■ WHAT TO DO ■
Could you copy every line from the material below in which "Cocktail" appears?
*** Block opens ***
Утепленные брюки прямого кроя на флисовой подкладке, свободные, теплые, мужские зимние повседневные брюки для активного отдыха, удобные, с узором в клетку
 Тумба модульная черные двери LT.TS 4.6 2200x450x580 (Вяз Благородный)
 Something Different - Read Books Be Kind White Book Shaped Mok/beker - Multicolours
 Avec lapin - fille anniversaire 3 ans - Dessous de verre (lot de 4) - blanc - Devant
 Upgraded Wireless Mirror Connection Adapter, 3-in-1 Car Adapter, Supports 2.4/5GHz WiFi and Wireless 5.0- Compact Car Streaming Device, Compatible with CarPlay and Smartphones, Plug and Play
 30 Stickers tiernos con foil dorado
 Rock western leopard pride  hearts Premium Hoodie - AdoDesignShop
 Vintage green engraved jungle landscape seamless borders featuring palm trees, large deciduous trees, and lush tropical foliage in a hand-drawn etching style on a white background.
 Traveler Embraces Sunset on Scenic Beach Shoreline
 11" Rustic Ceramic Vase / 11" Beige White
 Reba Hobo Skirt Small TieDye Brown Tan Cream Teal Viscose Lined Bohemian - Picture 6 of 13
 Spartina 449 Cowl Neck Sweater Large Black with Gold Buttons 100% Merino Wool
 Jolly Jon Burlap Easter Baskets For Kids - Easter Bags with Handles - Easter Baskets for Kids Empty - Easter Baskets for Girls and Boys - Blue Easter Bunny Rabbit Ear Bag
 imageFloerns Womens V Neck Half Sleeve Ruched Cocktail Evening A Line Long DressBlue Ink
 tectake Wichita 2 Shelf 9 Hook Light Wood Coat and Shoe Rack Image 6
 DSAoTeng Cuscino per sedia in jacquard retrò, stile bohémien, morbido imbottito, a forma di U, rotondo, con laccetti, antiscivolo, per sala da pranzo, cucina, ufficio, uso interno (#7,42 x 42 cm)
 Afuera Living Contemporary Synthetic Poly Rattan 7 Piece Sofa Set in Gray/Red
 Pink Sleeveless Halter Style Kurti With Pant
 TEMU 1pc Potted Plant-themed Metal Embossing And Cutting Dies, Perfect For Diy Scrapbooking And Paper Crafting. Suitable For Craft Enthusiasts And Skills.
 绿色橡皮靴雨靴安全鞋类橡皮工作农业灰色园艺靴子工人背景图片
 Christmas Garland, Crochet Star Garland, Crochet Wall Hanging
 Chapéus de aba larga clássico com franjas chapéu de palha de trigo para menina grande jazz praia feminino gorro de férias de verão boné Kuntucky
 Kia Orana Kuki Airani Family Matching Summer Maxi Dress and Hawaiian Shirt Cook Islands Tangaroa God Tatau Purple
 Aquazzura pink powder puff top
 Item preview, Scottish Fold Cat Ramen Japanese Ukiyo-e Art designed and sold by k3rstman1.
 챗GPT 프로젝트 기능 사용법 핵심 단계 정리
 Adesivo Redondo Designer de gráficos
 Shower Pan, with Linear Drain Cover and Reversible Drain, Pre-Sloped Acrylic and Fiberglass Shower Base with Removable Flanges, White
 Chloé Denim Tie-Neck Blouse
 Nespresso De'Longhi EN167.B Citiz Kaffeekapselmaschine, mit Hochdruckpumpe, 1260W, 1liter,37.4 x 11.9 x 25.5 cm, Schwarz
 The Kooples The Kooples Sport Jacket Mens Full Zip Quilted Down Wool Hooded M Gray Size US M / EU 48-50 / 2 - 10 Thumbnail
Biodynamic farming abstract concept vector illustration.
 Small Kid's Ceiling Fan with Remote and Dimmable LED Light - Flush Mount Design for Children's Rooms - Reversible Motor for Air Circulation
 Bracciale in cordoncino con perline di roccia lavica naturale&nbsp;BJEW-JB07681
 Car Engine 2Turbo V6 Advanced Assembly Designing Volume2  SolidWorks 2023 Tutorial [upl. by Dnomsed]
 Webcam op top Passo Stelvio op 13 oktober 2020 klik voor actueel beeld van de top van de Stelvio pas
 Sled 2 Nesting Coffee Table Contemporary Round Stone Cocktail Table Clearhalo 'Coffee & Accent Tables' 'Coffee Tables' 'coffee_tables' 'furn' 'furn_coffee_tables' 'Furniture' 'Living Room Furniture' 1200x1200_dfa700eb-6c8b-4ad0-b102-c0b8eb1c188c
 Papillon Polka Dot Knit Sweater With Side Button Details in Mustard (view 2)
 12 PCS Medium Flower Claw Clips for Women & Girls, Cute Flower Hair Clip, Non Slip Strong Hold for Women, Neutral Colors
*** Block closes ***
■ WRITTEN RESPONSE ■
 imageFloerns Womens V Neck Half Sleeve Ruched Cocktail Evening A Line Long DressBlue Ink
 Sled 2 Nesting Coffee Table Contemporary Round Stone Cocktail Table Clearhalo 'Coffee & Accent Tables' 'Coffee Tables' 'coffee_tables' 'furn' 'furn_coffee_tables' 'Furniture' 'Living Room Furniture' 1200x1200_dfa700eb-6c8b-4ad0-b102-c0b8eb1c188c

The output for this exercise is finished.